Na fronteira entre Polônia e Belarus, iraquiano precisa escolher entre continuar a fugir ou salvar a filha – 10/10/2021 – Mundo


O pai tinha caminhado em círculos na floresta polonesa encharcada de chuva, carregando sua filha doente no colo, delirante depois de três dias quase sem comida ou água, enquanto a temperatura caía quase para zero. Ele estava encharcado, tremendo de frio e enfrentava uma escolha lancinante.
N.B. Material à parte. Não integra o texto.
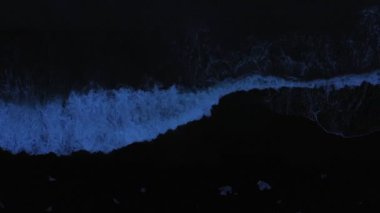 Aerial panoramic footage of Icelandic Diamond Beach. Top view above black volcanic beach with icebergs, shot in evening.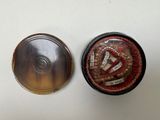 two tins that are sitting next to each other on a table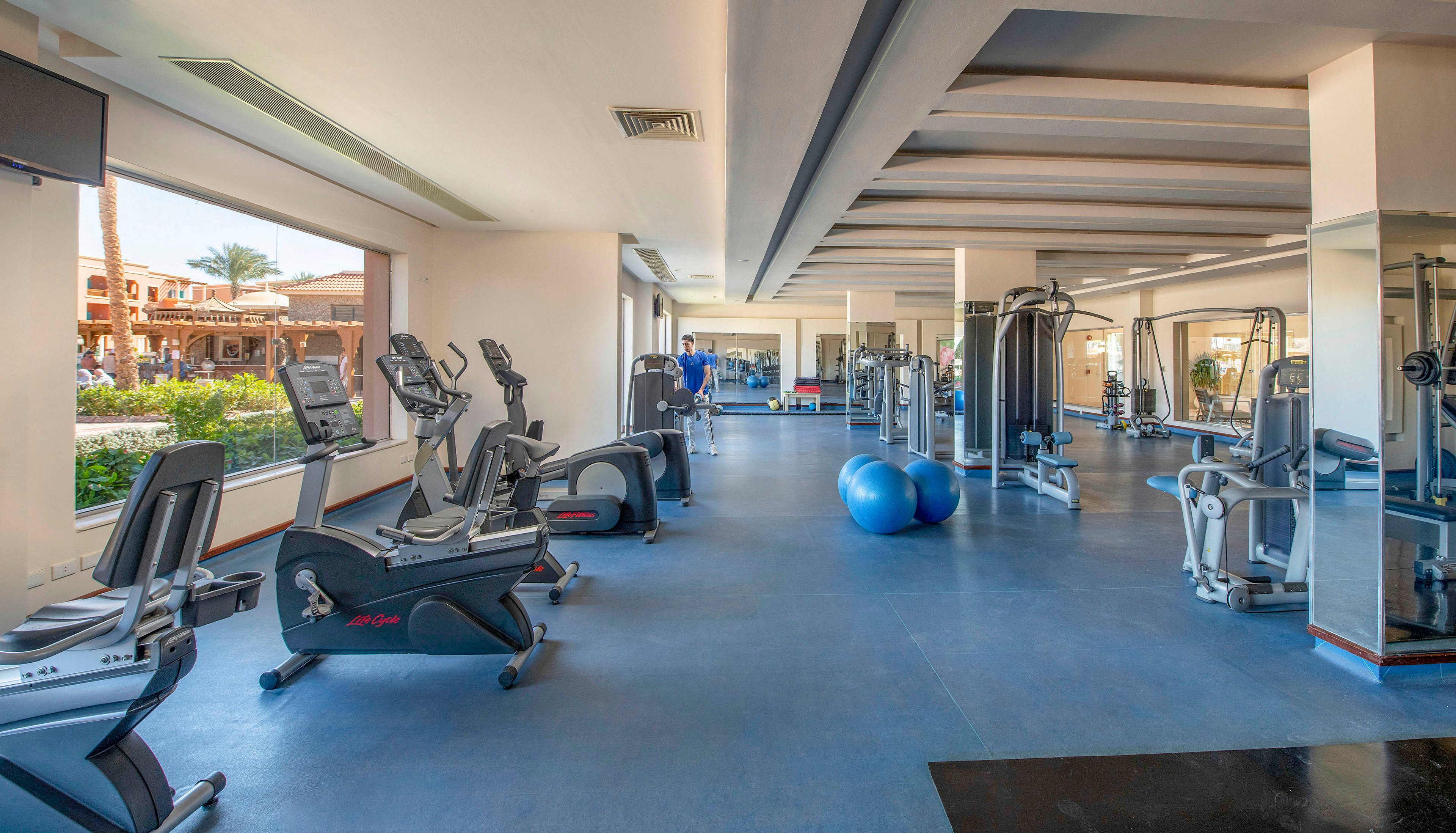 A spacious gym featuring various exercise machines, including treadmills and stationary bikes, with a woman using one of the machines. The room is well-lit with large windows offering views of an outdoor area. Blue exercise balls and other fitness equipment are visible, creating a clean and organized workout environment.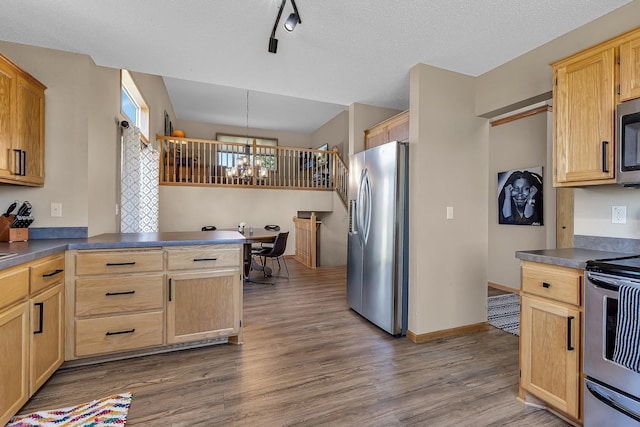 900 Isabella Ave, Clearwater, MN 55320 - kitchen with appliances with stainless steel finishes, wood finished floors, dark countertops, a chandelier, and a textured ceiling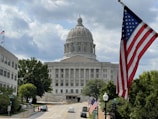 A large domed government building with classical architecture is visible in the background. An American flag prominently waves in the foreground on the right. The scene includes trees, a few people walking on the sidewalk, and cars parked along the street leading to the building.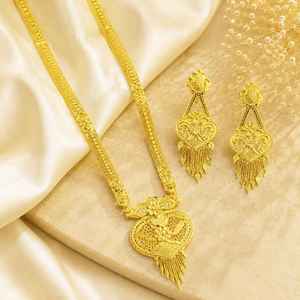 Venta al por mayor de collares largos tradicionales de oro laminado de 14K, 18K, 24K, joyería de moda, conjunto de joyería de latón chapado en oro de micras. - Product Image 1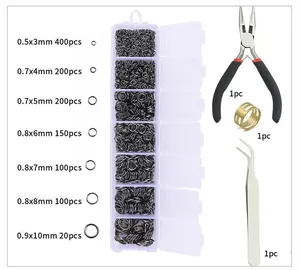 Macro view of 7-grid jewelry DIY kit with jump rings, pliers, tweezers, and ring tool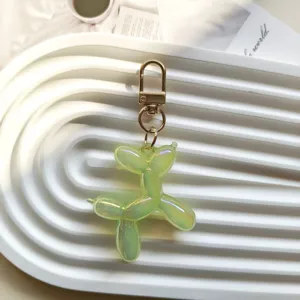 Cute jelly balloon dog keychain pendant, stylish green bag charm and creative gift ornament.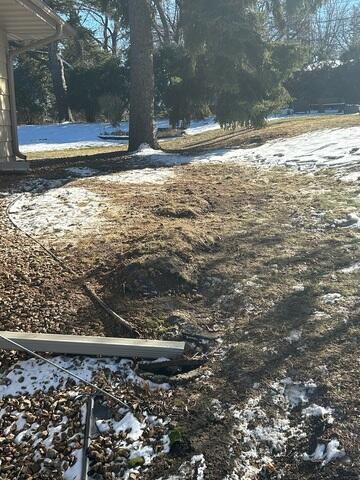 Mid-Install: Holes are dug beyond the foundation wall for anchor placement.
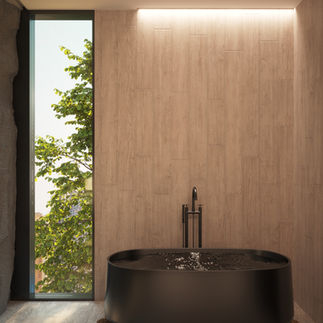 A bold bathtub sits in front of a wooden feature wall sitting next to a tall window for natural light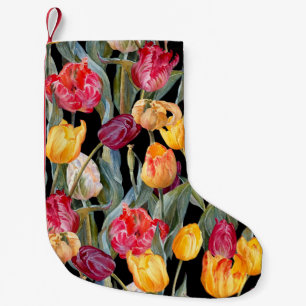 Kleurrijke tulpen, geïsoleerde zwarte achtergrond. kleine kerstsok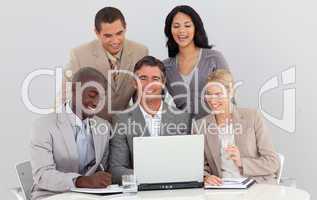 Smiling multi-ethnic business team working in office together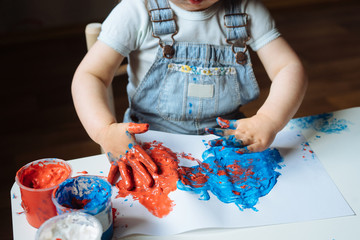Child painting with her hands on the table at home using blue and red paint. Finger painting or art...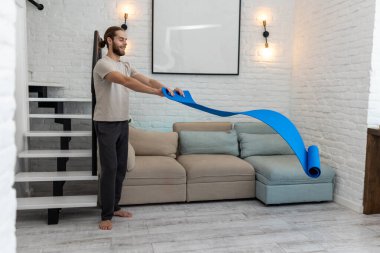 Atletik adam evde egzersiz yapmaya hazırlanırken yoga minderini açıyor..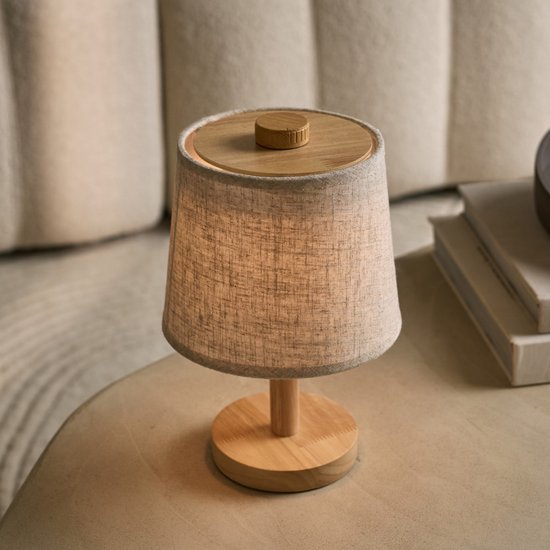 Tafellamp met linnen kap en houten voet, geplaatst op een bijzettafel.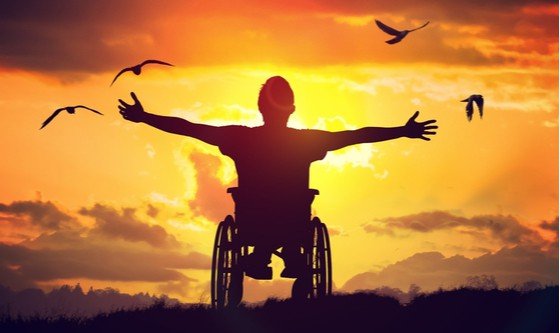 A disabled man on a wheelchair spreading his arms towards the sunset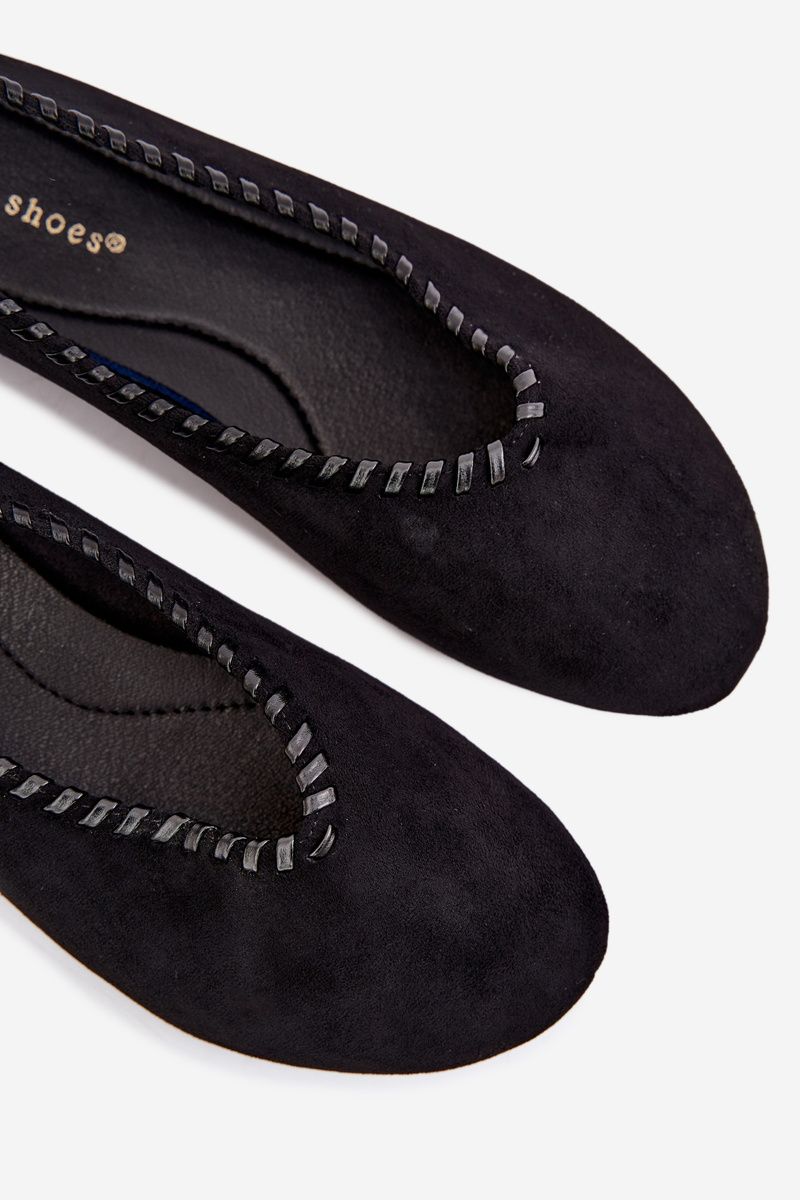 Schwarze Ballerinas mit geflochtenem Besatz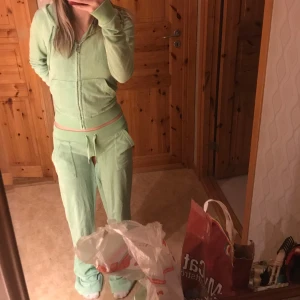 Grön mjukisbyxa och hoodie från Juicy Couture - Säljer ett set med grön mjukisbyxa och matchande hoodie från Juicy Couture. Byxorna har en bekväm passform med snörning i midjan och hoodien har dragkedja och huva. Perfekt för en avslappnad stil.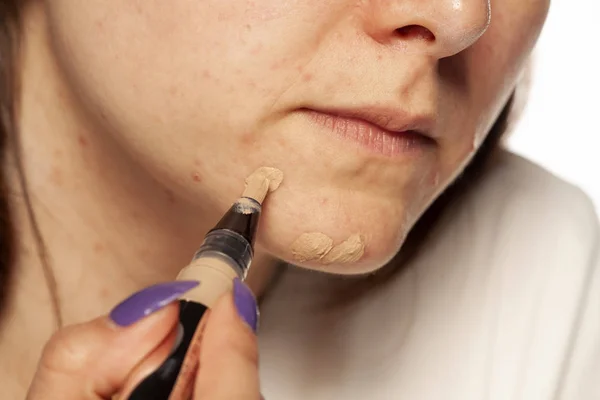 Mujer Joven Aplicando Corrector Cara Sobre Fondo Blanco — Foto de Stock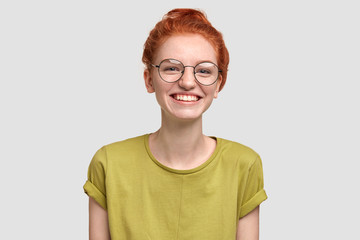 Pretty freckled female with positive smile, wears spectacles and casual loose green t shirt, looks joyfully at camera, satisfied after having picnic with friends, has good day in funny company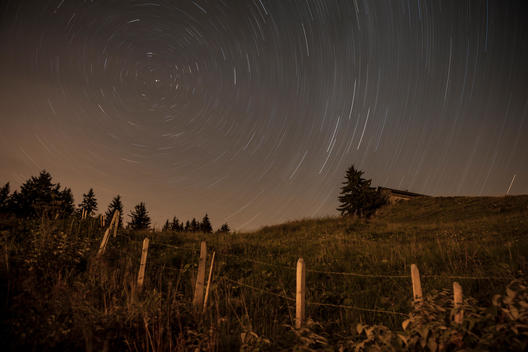 star trails and polaris with farm and house in foreground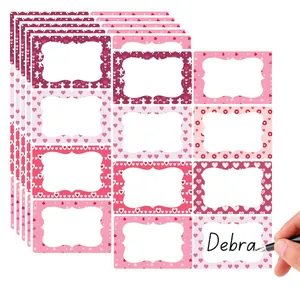 Detailed view of writing on Valentine's Day heart-themed blank name label stickers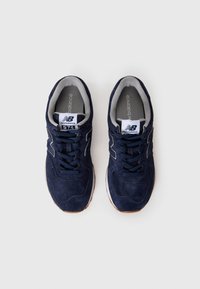 Une paire de baskets New Balance 574 bleu marine avec des étiquettes de logo blanches, les lacets attachés, et une doublure intérieure grise sur un fond blanc.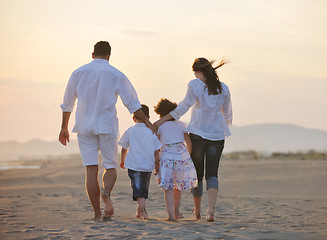 Image showing happy young family have fun on beach at sunset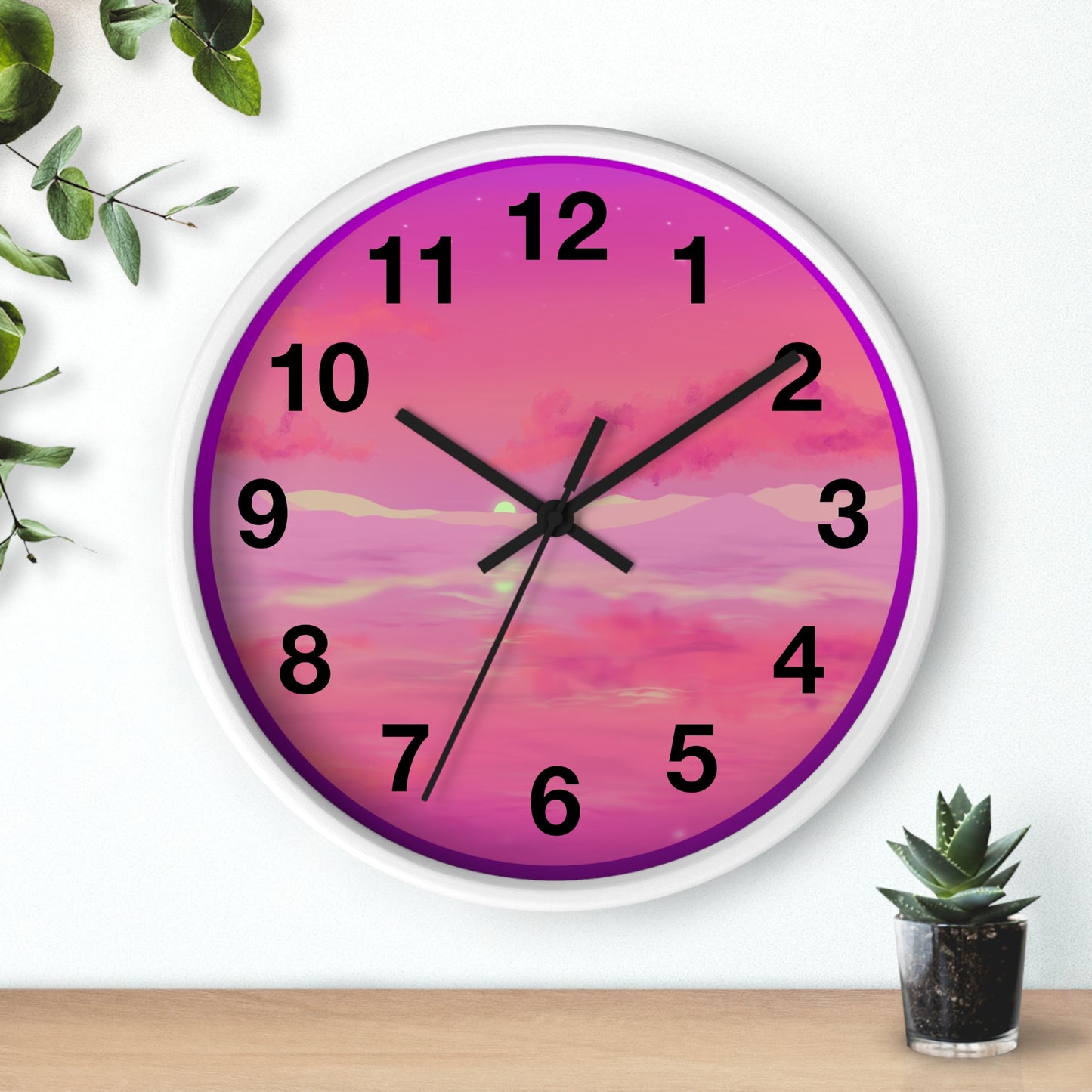 This is the 10" White Base Pink Dreamscape Wall Clock with black hands by Lee Hansheng Studios.The front of the image with two black clock hands, numerals and the illustration behind it.The illustration has the sky and clouds. Different pinks and hues blended into the clouds and spreads outwards.There are dark purples on the side and yellows near the middle of the art piece. It is on a white background with leaves to the left, succulent plan on the right with a wooden board. 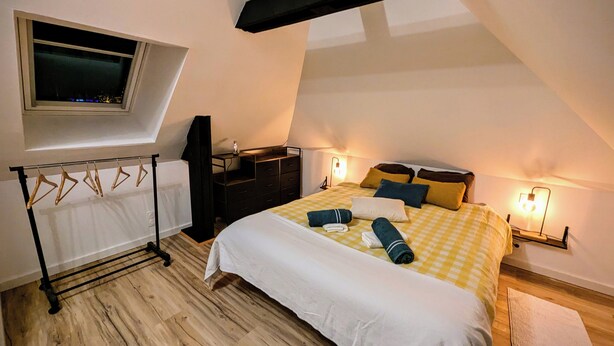 Un dormitorio con cama, escritorio, silla, televisor y ventana.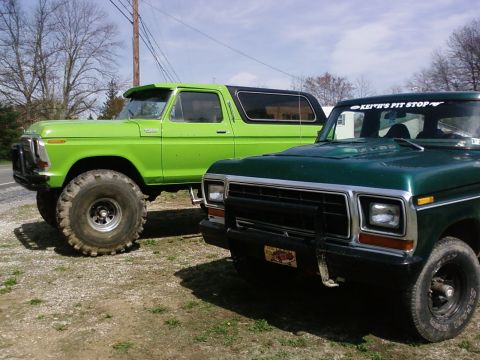 1979 Ford Bronco - Two lifted Ford trucks, a 1979 Bronco and an F-Series, are parked outdoors.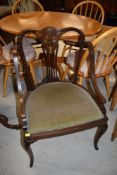 An Edwardian inlaid salon armchair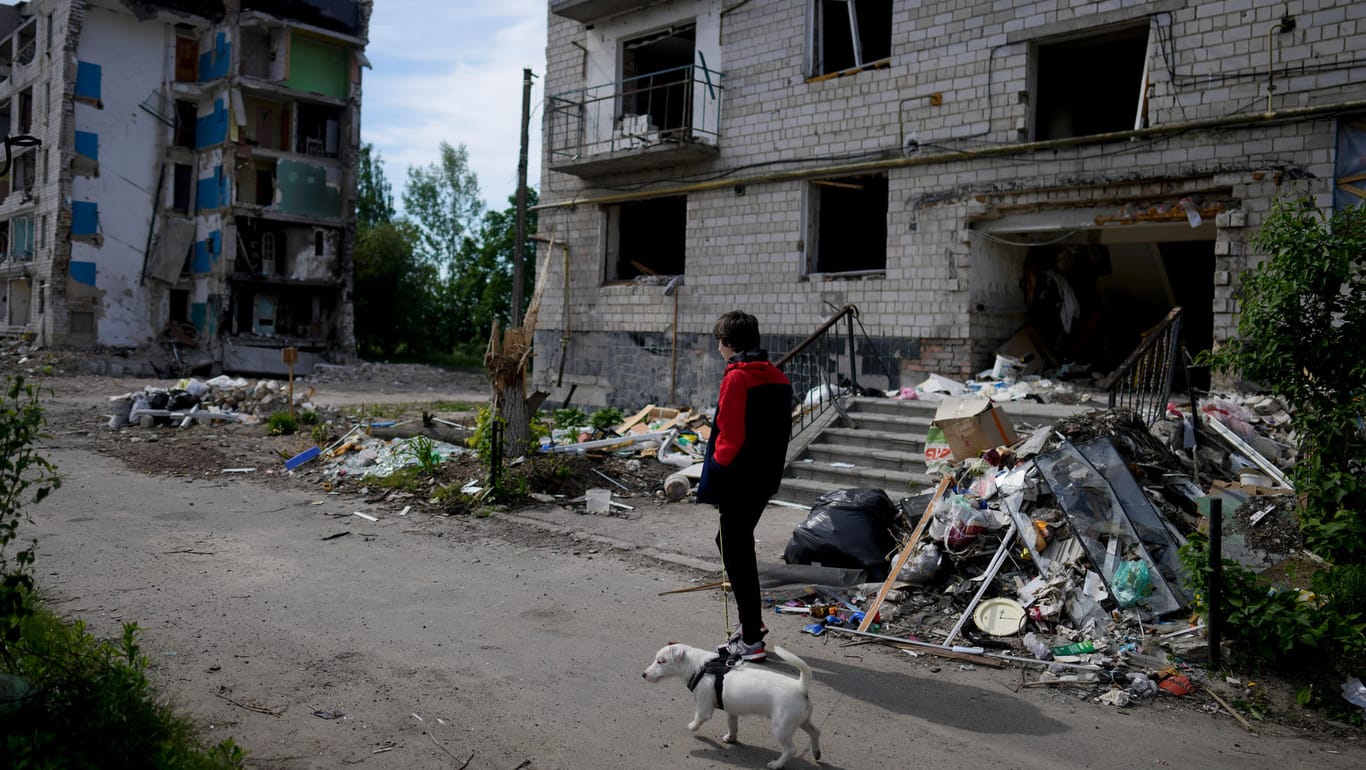 Ukraine-Krieg: Ein Mann geht mit seinem Hund vor einem von Granaten zerstörten Gebäude in Borodjanka bei Kiew spazieren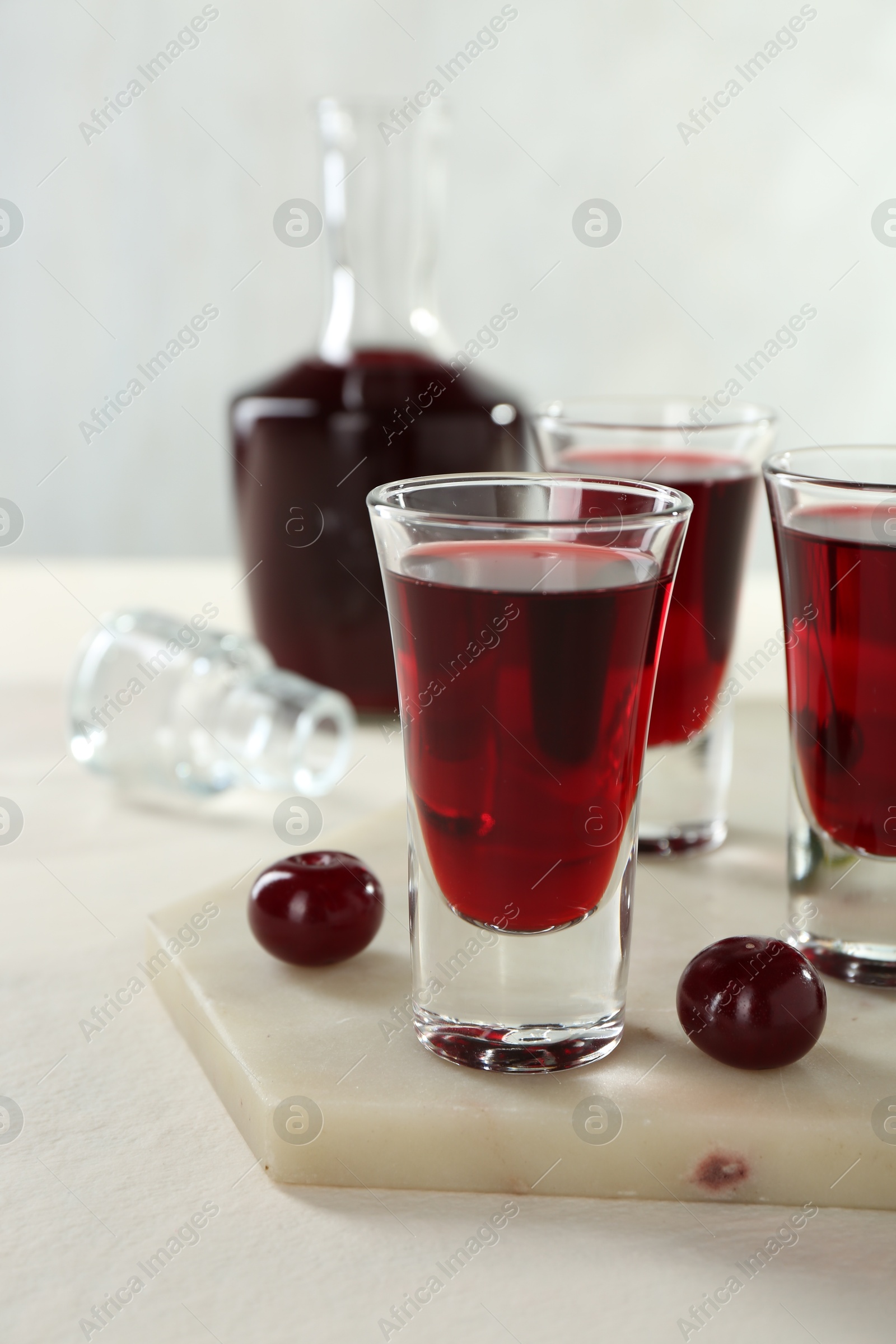 Photo of Delicious cherry liqueur and berries on white table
Sua filha de 2 anos tem paralisia cerebral e epilepsia. Ele a embrulhara num casaco fino para protegê-la do frio, e ela precisava de atendimento médico urgente. O pai, curdo iraquiano que disse chamar-se Karwan, conduziu sua família através da fronteira com Belarus, mas agora estava numa área de floresta patrulhada por soldados e guardas de fronteira poloneses.

A escolha que se impunha ao pai era torturante: buscar assistência médica significaria retornar a Belarus e assinalaria o fim da viagem desesperada de sua família para chegar à Europa.

“Posso chamar uma ambulância para você, mas ela virá acompanhada de guardas da fronteira”, disse o ativista polonês Piotr Bystrianin, que chegou para ajudar, falando com a família que queria pedir asilo na Polônia. Ele encontrara a família depois de passar horas procurando no escuro, alertado para seu paradeiro por um sinal localizador enviado por celular.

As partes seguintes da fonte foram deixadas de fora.